Isolate von mehreren Patienten sind molekularbiologisch nicht von einem Stamm zu unterscheiden gewesen, der im Rahmen betrieblicher Eigenkontrollen aus Schokolade isoliert worden war. Das ergab eine Untersuchung im Nationalen Referenzzentrum für Salmonellen im Robert Koch-Institut, Bereich Wernigerode. Die Charge, aus der die positive Probe stammte, war vom Hersteller vernichtet worden und nicht in den Handel gelangt. Da aber von etlichen Erkrankten angegeben wurde, in der Woche vor Erkrankungsbeginn bestimmte Schokoladen dieses Herstellers verzehrt zu haben, konzentrierten sich die weiteren mikrobiologischen Untersuchungen darauf, bei neu Erkrankten noch vorhandene Schokolade zu untersuchen. Ein Untersuchungsamt in Nordrhein-Westfalen wies diese Woche Salmonellen nach in der Schokolade aus dem Haushalt und aus der gleichen Charge, die ein an Salmonella Oranienburg erkranktes kleines Kind verzehrt hatte. Nach den Bestimmungen des Produkthaftungsgesetzes hat der Hersteller inzwischen öffentlich vor dem Verzehr dieser Produkte, die nur in einer bestimmten Supermarktkette erhältlich gewesen sind, gewarnt.

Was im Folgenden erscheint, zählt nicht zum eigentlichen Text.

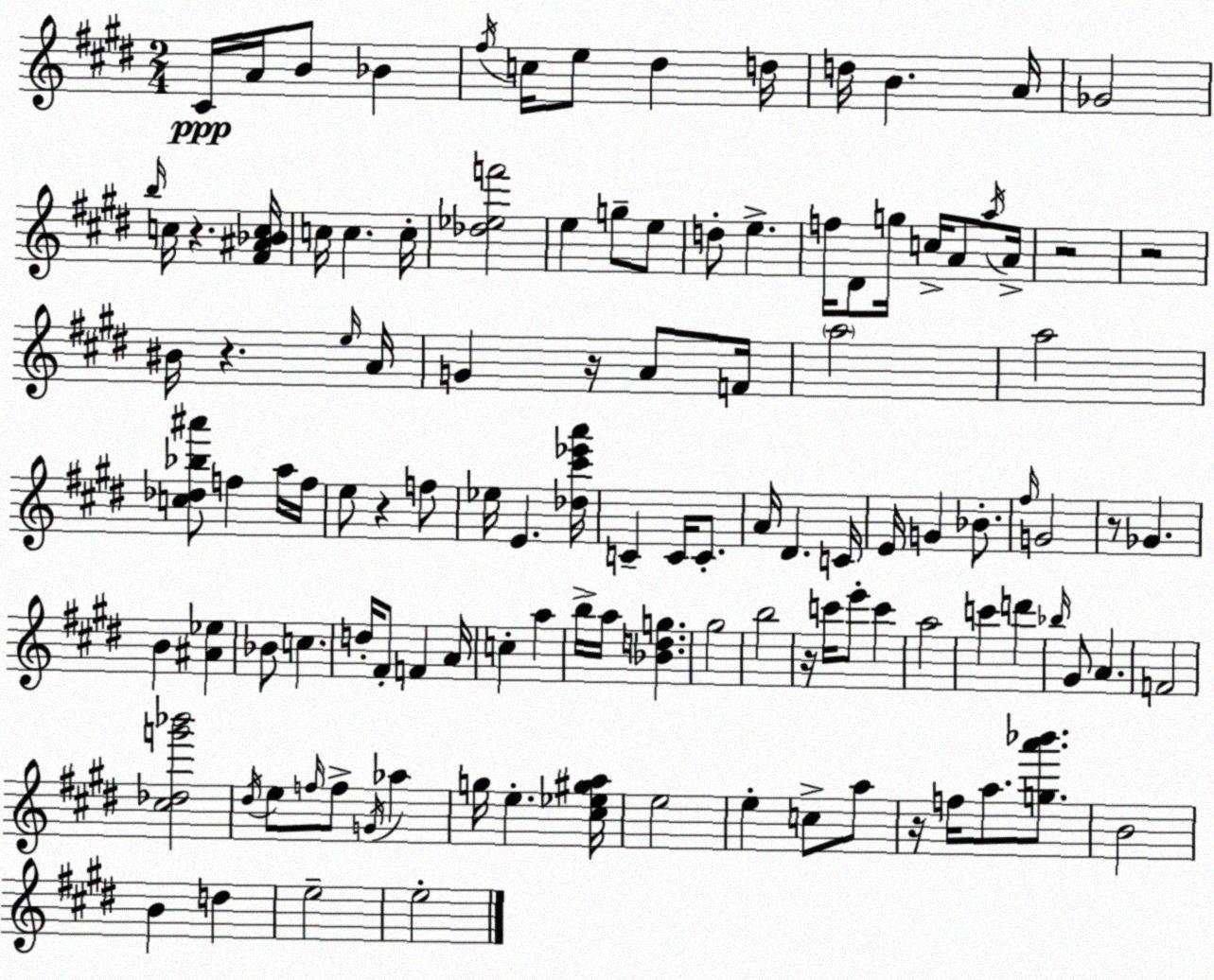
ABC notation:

X:1
T:Untitled
M:2/4
L:1/4
K:E
^C/4 A/4 B/2 _B ^f/4 c/4 e/2 ^d d/4 d/4 B A/4 _G2 b/4 c/4 z [^F^A_Bc]/4 c/4 c c/4 [_d_ef']2 e g/2 e/2 d/2 e f/4 ^D/2 g/4 c/4 A/2 a/4 A/4 z2 z2 ^B/4 z e/4 A/4 G z/4 A/2 F/4 a2 a2 [c_d_b^a']/2 f a/4 f/4 e/2 z f/2 _e/4 E [_d^c'_e'a']/4 C C/4 C/2 A/4 ^D C/4 E/4 G _B/2 ^f/4 G2 z/2 _G B [^A_e] _B/2 c d/4 ^F/2 F A/4 c a b/4 a/4 [_Bdg] ^g2 b2 z/4 c'/4 e'/2 c' a2 c' d' _b/4 ^G/2 A F2 [^c_dg'_b']2 ^d/4 e/2 f/4 f/2 G/4 _a g/4 e [^c_e^ga]/4 e2 e c/2 a/2 z/4 f/4 a/2 [ga'_b']/2 B2 B d e2 e2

Eine Fall-Kontroll-Studie des Zentrums für Infektionsepidemiologie im Robert Koch-Institut und der zuständigen Landesstellen zeigt, dass erkrankte Personen in der Woche vor Erkrankungsbeginn signifikant häufiger als gesunde Personen, die als Kontrolle untersucht wurden, Schokolade im allgemeinen verzehrt als auch öfter Schokolade, die in einem Supermarkt der betroffenen Kette erworben worden war, gegessen haben. Es ist damit nicht belegt, dass alle der mehr als 270 gemeldeten Fälle auf den Genuss der salmonellenbelasteten Schokolade zurückzuführen sind.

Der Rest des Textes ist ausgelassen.